Data shown below:

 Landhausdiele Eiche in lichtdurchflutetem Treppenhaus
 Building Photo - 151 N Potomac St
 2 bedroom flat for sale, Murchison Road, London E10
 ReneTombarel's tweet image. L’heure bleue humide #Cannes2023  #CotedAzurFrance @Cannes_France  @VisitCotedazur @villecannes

End of Data shown.
Data shown below:

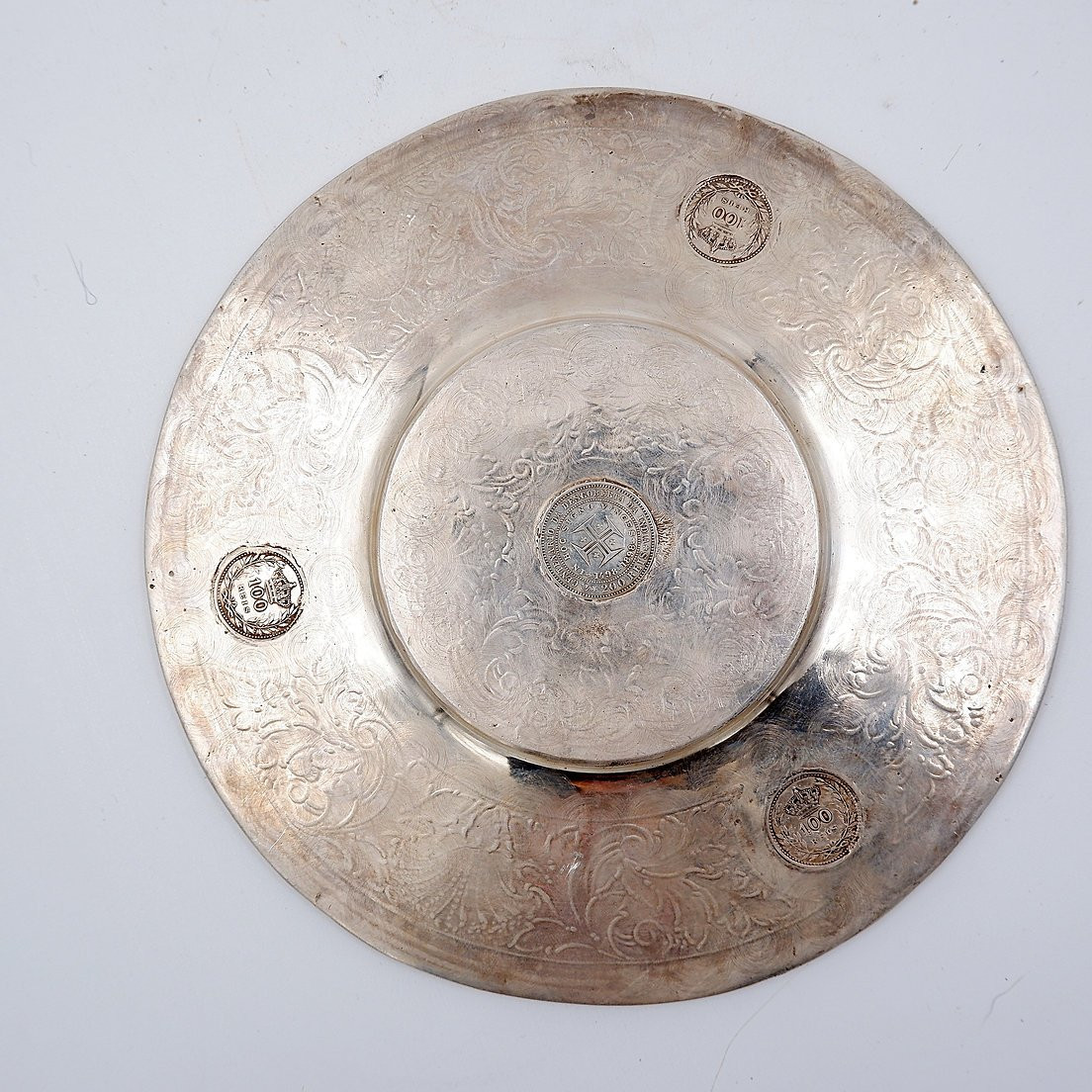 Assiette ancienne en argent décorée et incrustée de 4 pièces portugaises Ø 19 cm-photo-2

End of Data shown.

> [Task requirements]: Extract the lines of the preceding material that run from the line with "Landhausdiele Eiche in" through the line with "ReneTombarel's tweet image.", inclusive, reproducing them exactly and adding nothing.

> [Expected output]:
 Landhausdiele Eiche in lichtdurchflutetem Treppenhaus
 Building Photo - 151 N Potomac St
 2 bedroom flat for sale, Murchison Road, London E10
 ReneTombarel's tweet image. L’heure bleue humide #Cannes2023  #CotedAzurFrance @Cannes_France  @VisitCotedazur @villecannes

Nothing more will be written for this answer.